If you’ve followed the steps to setting effective goals, breaking them down into consecutive steps and then breaking those components down into ridiculously easy steps, you’re ready for the third part of goal training-your rewards.

As simple and as fun as this part sounds, I can tell you that for some strange reason, the concept of giving one’s self a reward seems to be a difficult aspect for my clients. Sooo… I will reiterate this point several times in this post as I do when I’m coaching individuals-Giving yourself rewards for completion of the steps you’ve outlined is one of the MOST important parts of reaching your goals. Do not underestimate how effective rewards are to your success.

By now you’ve set your BHAG (your big, hairy, audacious goal). You’ve broken it down. You’ve made several ridiculously easy steps to complete. The next thing you need to do, BEFORE you move into action, is to create a list of small and big rewards. 

On the surface, this doesn’t sound that hard. In fact, after all the tedious planning and breaking things down, it seems like this is the most fun thing I’ve suggested yet. However, when I tell people about this next step, I immediately hear protests. I have no money! I can’t afford to give myself rewards! I’m trying to lose weight-the last thing I need is a treat! (and one that I heard from someone this week) I don’t deserve any rewards until I reach my big goal.   

First, let me define a reward. A reward is anything that makes you feel good. It DOES NOT have to cost money. It DOES NOT have to consume a lot of your time. It DOES NOT have to be food related (but it can be. The things I’ve accomplished with Tootsie Rolls is nothing short of amazing.) A reward should be, um, well, rewarding.

Here are some little rewards that some of my past clients have come up with: smell my favorite candle, check my facebook page, take a deep breath, put a sticker on my goal chart, have a cup of tea, listen to a song I like, look at an art book, give myself five minutes to read a celebrity gossip magazine, text my best friend.
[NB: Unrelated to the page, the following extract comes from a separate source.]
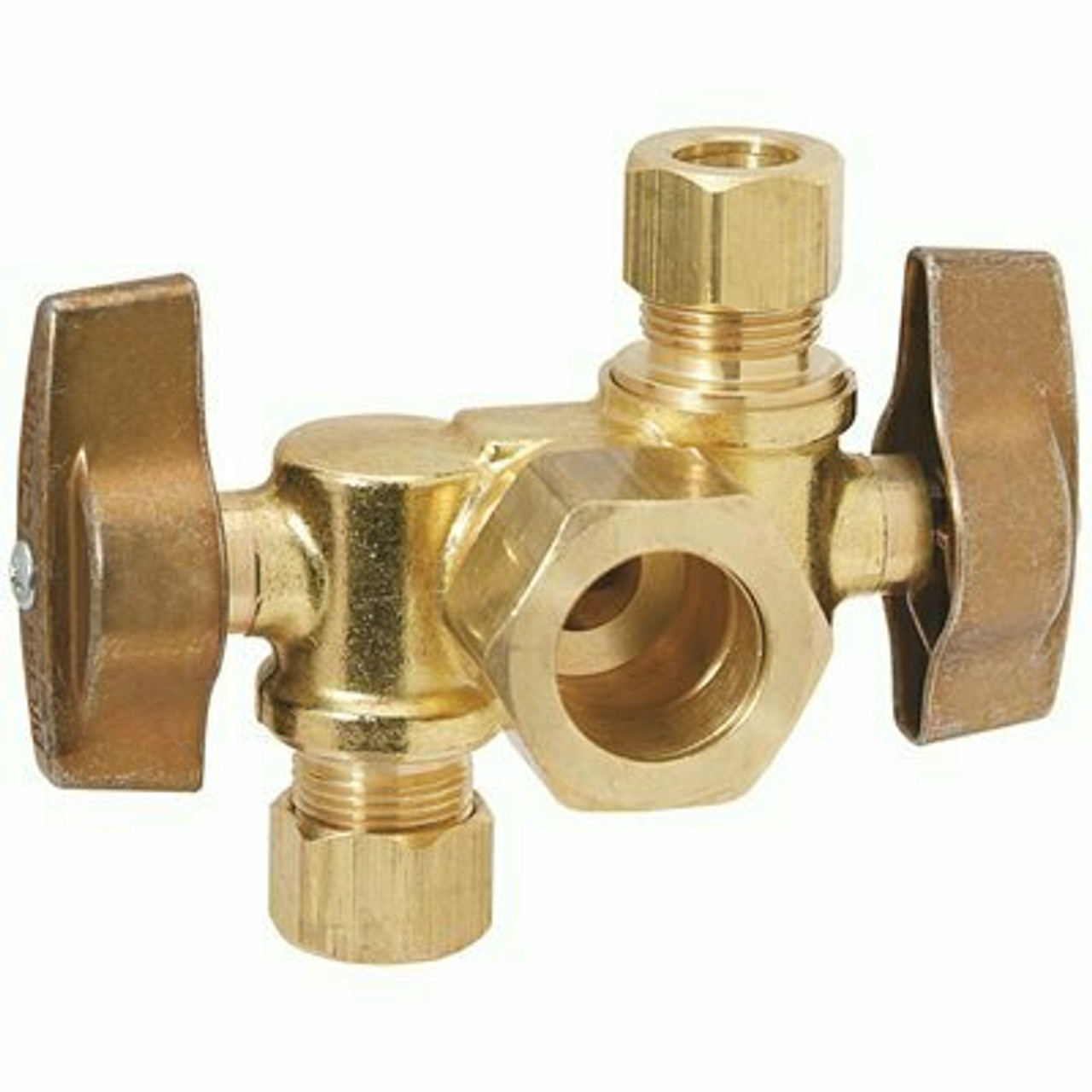 Brasscraft 1/2 In. Nominal Inlet X 3/8 In. O.D. Comp X 1/4 In. O.D. Dual Outlet Dual Shut-Off 1/4 In. Turn Angle Ball Valve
Think of what your five senses love. What do you like to see? Smell? Taste? Hear? Touch? Brainstorm a list of tiny rewards that would a) take no more than five minutes of your time and that b) you would truly enjoy. When you’re done with this list, then think of some bigger rewards you could give yourself when you complete the bigger steps leading up to your goal. These rewards can be bigger in scope, time and cost. The important thing here is that you PERCEIVE them to be congruent to the task that was just completed. When you’re done with this list, come up with one, big, HUGE reward that you can give yourself when your BHAG is completed.

By now you should have three lists of rewards. One list should be tiny rewards that you will give yourself after you complete EACH ridiculously easy step. One list should be a set of bigger rewards that you will yourself when your complete a bigger step that aligns with your goal. And the third list should be one major reward that you will give yourself upon completion of your BHAG.  

Take my example of reorganizing and cleaning my kitchen. In my first post, I listed all of the steps I would need to complete in order to have a spotless and well-organized kitchen. ONE of these steps was cleaning out the fridge. I took this one step (Project Refrigerator) and broke this down into ridiculously easy steps. Now, when I go to complete each ridiculously easy step (ie: removing all of the condiments from the shelf on the fridge door), I will give myself a very small reward (ie: one Tootsie Roll).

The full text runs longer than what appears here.